■ Information
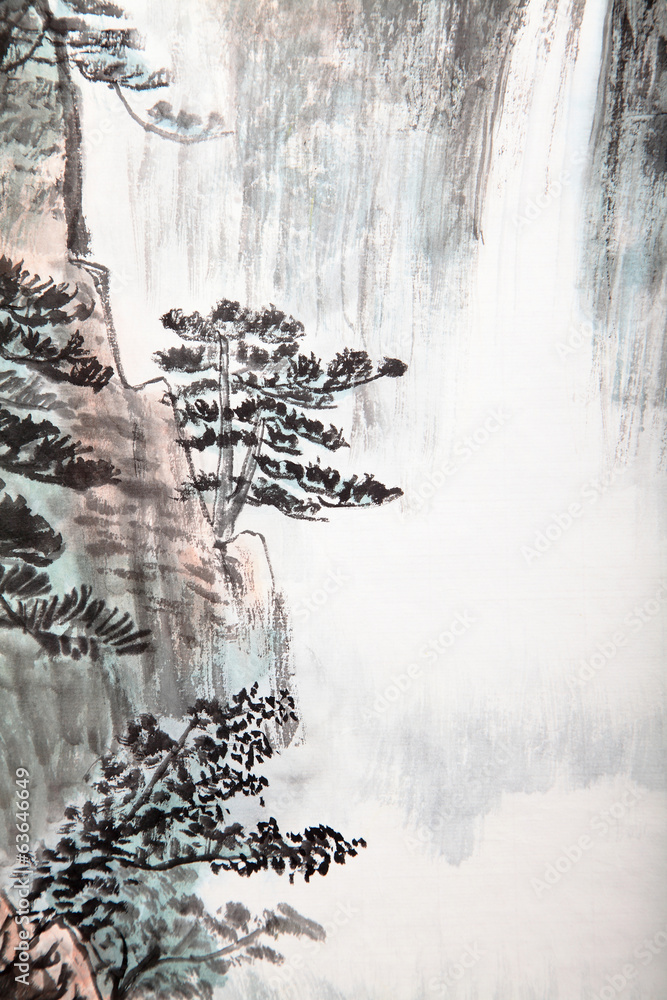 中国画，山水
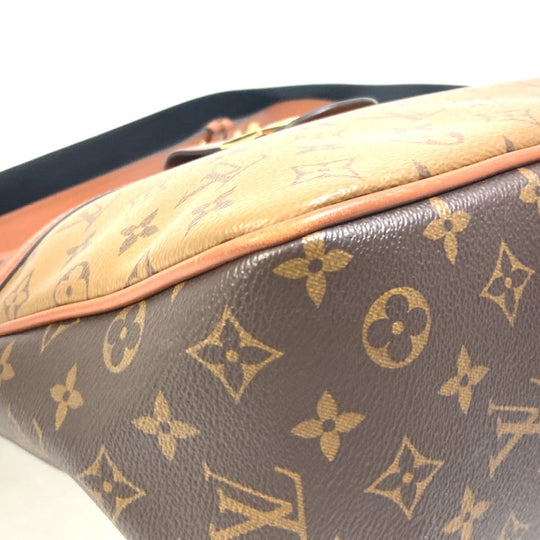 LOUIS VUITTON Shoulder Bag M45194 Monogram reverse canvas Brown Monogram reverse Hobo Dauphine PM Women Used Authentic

--

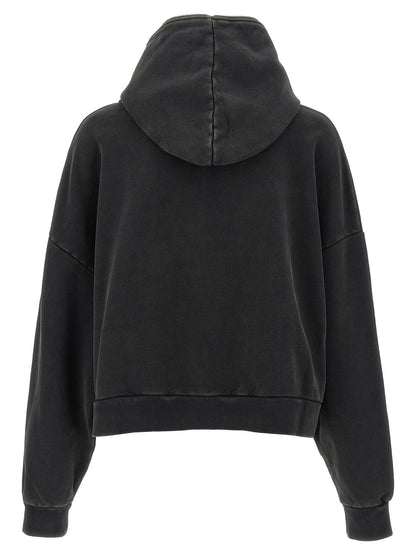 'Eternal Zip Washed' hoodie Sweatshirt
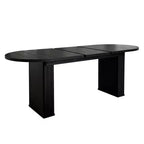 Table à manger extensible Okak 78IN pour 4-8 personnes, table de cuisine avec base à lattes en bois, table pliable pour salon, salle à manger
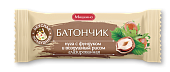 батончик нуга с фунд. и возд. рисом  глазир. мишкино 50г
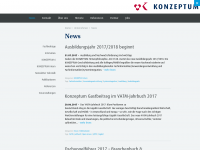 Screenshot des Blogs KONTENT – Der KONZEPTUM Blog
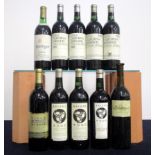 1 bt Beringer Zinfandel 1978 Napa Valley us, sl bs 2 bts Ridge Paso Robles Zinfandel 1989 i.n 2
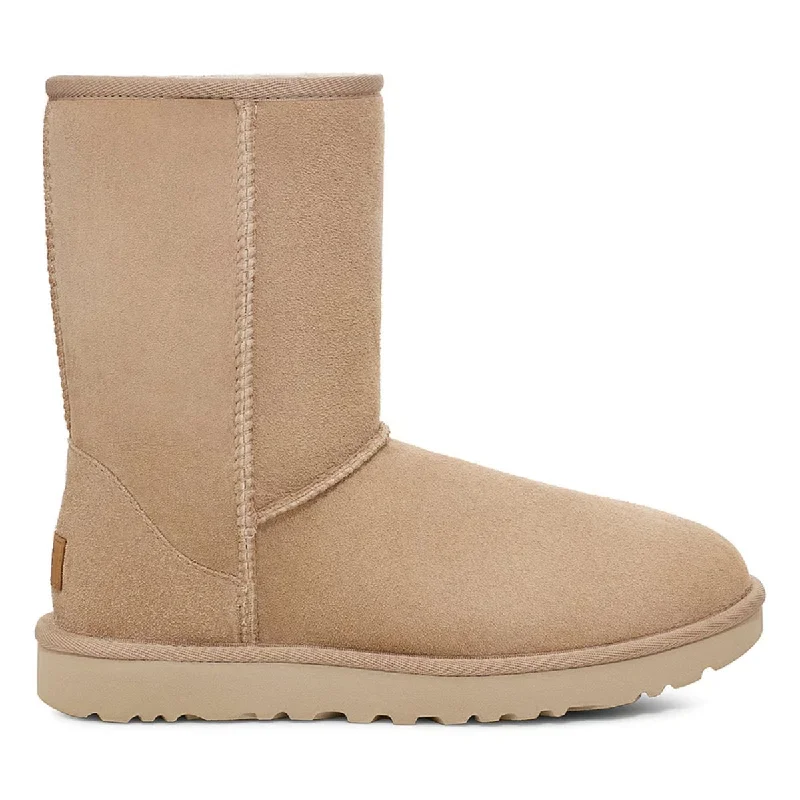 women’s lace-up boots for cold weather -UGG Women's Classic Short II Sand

■ Activity
An exact copy is needed. It runs from the line above containing "1 bt Beringer" down to the line containing "women’s lace-up boots", both included, with no pictures.

■ Task response
 1 bt Beringer Zinfandel 1978 Napa Valley us, sl bs 2 bts Ridge Paso Robles Zinfandel 1989 i.n 2
 women’s lace-up boots for cold weather -UGG Women's Classic Short II Sand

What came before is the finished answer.